DIRECTIONS: Your answer should be one number: how many lines below hold the word "Brown".

Records drawn from a dataset
____________________
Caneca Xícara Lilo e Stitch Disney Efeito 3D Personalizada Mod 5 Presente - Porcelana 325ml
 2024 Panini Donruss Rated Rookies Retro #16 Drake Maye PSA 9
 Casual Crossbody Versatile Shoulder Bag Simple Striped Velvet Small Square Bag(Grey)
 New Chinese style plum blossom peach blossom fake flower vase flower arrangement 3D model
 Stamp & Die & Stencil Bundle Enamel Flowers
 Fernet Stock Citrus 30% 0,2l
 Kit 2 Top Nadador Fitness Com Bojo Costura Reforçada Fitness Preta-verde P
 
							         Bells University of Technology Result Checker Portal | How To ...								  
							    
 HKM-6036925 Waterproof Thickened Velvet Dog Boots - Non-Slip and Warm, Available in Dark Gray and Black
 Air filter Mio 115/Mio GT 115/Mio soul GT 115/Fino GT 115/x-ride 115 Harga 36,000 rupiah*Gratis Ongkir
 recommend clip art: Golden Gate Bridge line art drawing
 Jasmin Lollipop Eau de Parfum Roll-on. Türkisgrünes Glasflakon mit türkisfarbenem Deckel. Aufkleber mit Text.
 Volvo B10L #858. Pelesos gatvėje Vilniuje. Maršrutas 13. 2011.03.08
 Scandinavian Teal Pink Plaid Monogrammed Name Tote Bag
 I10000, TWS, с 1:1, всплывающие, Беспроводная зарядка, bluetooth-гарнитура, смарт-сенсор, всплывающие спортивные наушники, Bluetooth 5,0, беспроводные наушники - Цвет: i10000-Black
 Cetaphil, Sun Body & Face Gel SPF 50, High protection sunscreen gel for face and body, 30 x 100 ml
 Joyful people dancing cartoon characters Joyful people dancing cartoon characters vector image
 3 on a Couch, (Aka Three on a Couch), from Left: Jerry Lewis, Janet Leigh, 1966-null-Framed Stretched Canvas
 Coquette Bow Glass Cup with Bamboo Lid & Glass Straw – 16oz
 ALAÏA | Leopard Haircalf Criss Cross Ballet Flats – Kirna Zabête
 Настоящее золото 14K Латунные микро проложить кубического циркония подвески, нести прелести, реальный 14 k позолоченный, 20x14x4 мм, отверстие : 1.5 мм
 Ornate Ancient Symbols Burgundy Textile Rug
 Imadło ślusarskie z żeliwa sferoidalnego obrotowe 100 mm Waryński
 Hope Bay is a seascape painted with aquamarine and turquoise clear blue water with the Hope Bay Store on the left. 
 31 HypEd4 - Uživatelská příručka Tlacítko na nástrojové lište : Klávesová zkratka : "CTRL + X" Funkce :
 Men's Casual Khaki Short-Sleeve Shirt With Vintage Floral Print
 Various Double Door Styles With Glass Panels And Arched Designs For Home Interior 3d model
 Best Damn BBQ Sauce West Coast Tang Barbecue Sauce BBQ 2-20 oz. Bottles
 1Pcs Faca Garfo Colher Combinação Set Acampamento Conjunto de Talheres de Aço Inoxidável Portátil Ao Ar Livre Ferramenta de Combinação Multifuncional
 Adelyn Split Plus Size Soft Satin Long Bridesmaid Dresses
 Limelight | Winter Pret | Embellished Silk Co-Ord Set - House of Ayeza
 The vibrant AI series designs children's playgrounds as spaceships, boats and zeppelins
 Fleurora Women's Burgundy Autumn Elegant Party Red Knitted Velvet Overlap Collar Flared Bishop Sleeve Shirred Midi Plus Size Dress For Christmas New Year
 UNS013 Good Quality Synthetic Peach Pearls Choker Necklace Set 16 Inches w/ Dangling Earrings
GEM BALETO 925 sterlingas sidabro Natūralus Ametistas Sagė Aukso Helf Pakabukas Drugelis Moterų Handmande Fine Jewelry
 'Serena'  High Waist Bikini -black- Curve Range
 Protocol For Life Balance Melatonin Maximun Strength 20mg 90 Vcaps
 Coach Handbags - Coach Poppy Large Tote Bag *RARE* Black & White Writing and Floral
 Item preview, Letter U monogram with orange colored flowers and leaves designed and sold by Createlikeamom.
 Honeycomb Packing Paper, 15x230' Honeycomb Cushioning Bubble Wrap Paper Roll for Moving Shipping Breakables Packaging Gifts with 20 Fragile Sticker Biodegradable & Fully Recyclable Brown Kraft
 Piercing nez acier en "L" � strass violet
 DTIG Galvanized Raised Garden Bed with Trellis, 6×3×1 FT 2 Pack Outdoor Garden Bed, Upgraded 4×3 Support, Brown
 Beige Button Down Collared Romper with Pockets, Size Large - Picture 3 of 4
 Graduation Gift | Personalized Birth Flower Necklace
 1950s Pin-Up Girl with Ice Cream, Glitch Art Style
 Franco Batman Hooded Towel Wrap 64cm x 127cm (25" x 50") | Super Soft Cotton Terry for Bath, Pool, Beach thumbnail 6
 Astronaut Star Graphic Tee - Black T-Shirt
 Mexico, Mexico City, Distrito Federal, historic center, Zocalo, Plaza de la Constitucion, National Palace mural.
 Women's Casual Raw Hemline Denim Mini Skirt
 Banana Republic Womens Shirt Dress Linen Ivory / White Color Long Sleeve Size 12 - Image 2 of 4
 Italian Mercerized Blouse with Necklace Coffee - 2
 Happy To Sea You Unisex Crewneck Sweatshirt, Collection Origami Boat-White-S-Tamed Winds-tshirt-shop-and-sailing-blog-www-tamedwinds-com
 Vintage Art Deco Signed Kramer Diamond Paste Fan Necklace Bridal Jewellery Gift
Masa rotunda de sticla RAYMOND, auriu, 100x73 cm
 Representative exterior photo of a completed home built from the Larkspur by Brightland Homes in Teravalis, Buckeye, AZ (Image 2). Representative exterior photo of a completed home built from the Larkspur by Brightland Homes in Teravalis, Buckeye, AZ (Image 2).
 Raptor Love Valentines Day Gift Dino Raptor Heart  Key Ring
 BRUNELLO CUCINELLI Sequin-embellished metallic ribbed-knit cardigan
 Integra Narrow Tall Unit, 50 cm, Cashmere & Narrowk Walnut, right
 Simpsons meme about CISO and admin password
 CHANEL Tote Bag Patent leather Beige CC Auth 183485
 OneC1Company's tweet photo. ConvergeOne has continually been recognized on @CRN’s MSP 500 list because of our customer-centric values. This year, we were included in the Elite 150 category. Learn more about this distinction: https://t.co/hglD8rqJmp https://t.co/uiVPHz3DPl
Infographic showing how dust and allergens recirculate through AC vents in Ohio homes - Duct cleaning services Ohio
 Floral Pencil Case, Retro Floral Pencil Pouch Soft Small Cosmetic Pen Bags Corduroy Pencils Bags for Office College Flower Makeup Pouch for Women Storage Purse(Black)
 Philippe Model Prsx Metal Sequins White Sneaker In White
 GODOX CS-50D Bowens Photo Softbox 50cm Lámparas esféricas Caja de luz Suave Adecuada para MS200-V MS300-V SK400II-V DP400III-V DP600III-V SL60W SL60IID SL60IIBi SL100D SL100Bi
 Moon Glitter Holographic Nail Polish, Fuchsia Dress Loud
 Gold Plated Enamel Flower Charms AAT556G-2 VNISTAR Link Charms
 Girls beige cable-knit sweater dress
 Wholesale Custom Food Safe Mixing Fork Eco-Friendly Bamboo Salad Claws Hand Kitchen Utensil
____________________
RESULT OF THIS TASK: 2